MITRE Publishes White Paper on SBOM Data Normalization for Medical Device Manufacturers
A new white paper published in April 2026 by The MITRE Corporation addresses challenges in Software Bill of Materials (SBOM) data normalization for medical device manufacturers (MDMs).
The document, titled “Considerations for Managing Challenges in Software Bill of Materials (SBOM) Data Normalization,” was developed under contract with the U.S. Food and Drug Administration (FDA). The paper states that the views presented do not constitute agency guidance, policy, or legally enforceable requirements.
According to the executive summary, the paper builds on a previous MITRE publication from October 2024, providing additional considerations for implementing approaches to address SBOM data normalization challenges, including technologies and processes that can evolve with SBOM tools and organizational changes.
The document describes the evolution of SBOM tools, including capabilities for:
generating SBOMs
ingesting and comparing SBOMs
transforming and merging SBOM data
supporting SBOM management activities
It also highlights that inconsistencies in data across tools contribute to normalization challenges, including differences in naming conventions and data elements.

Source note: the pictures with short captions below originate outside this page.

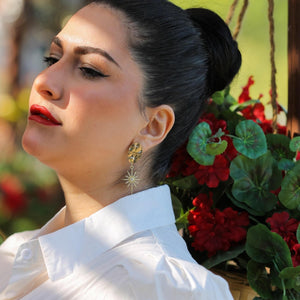 THE FESTIVE EARRINGS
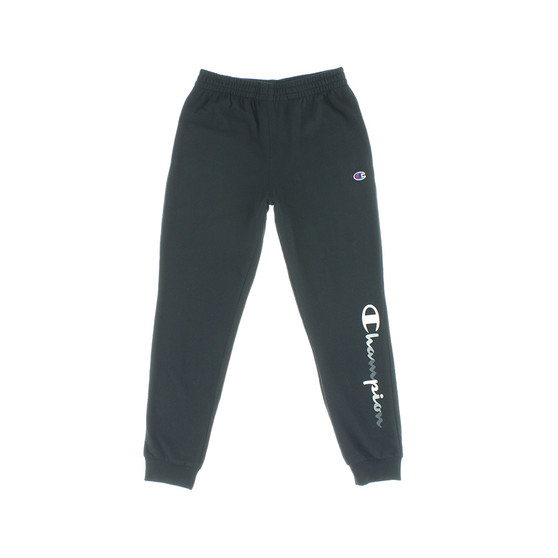 Champion Tricolor Script Jogger Boys Active Pants Size S Color Black Model MSS-8628CBBLACK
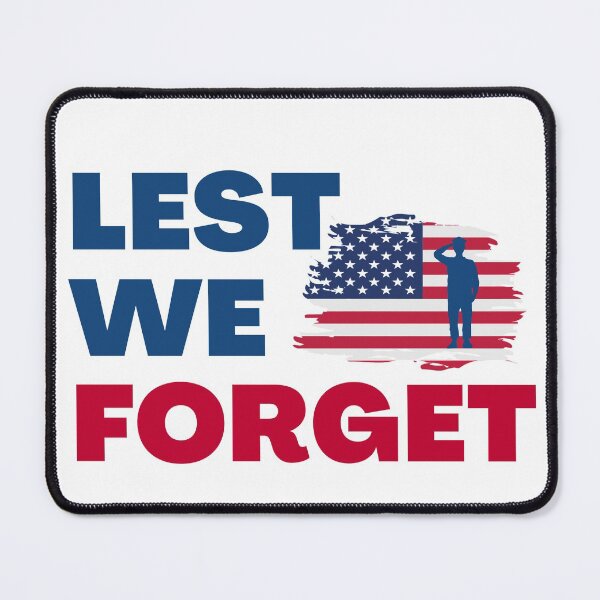 Item preview, Lest we forget designed and sold by Tiredmenphilo.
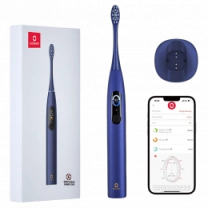 Умная зубная електрощетка Oclean X Pro Aurora Purple (OLED) (Міжнародна версія) (6970810551464)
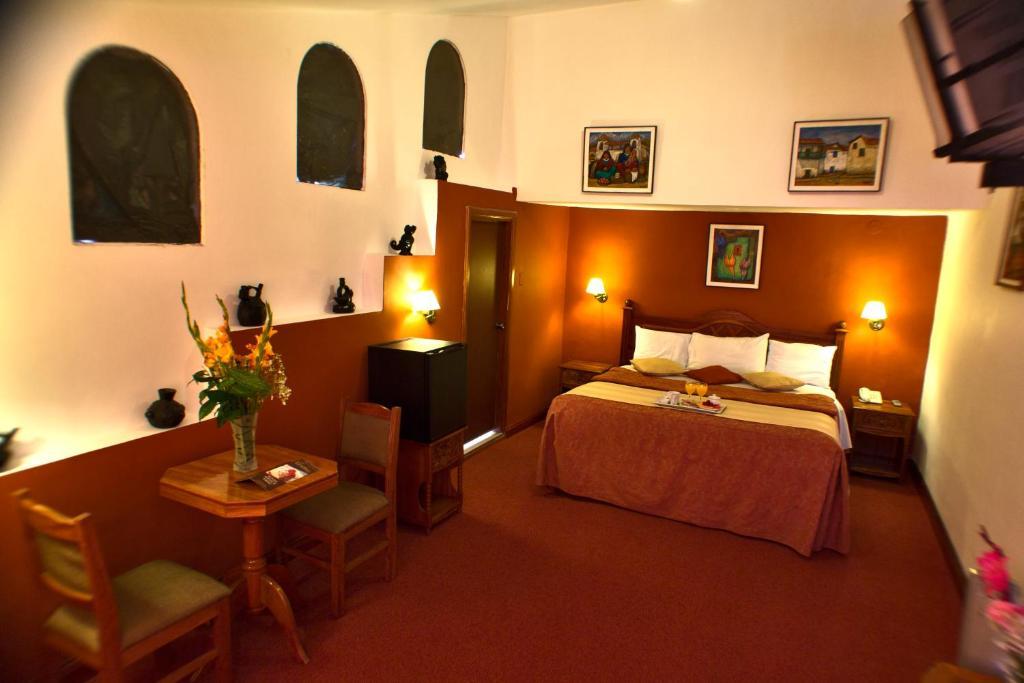 Amerinka Hotel Boutique Cusco Bagian luar foto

The paper outlines considerations for SBOM tool selection, including:
handling of version numbers and versioning schemes
transparency of automated decisions
user involvement in normalization decisions
ability to share and migrate data
auditability of data and logic
In addition, the document discusses SBOM management practices, including the concept of maintaining a central “source of truth” (SoT) to support consistent nomenclature across an organization. This includes baseline attributes such as supplier name, component name, version string, and unique identifiers.
The paper also describes different approaches to SBOM management, including:
manual methods (e.g. spreadsheets and scripts)
open-source tools
commercial tools
internally developed solutions
The document notes that automation is an important consideration, including the use of Artificial Intelligence and Machine Learning (AI/ML), while acknowledging the need for manual review due to potential inaccuracies.
Finally, the paper references the FDA guidance “Cybersecurity in Medical Devices: Quality System Considerations and Content of Premarket Submissions”, which recommends the inclusion of machine-readable SBOMs in premarket submissions.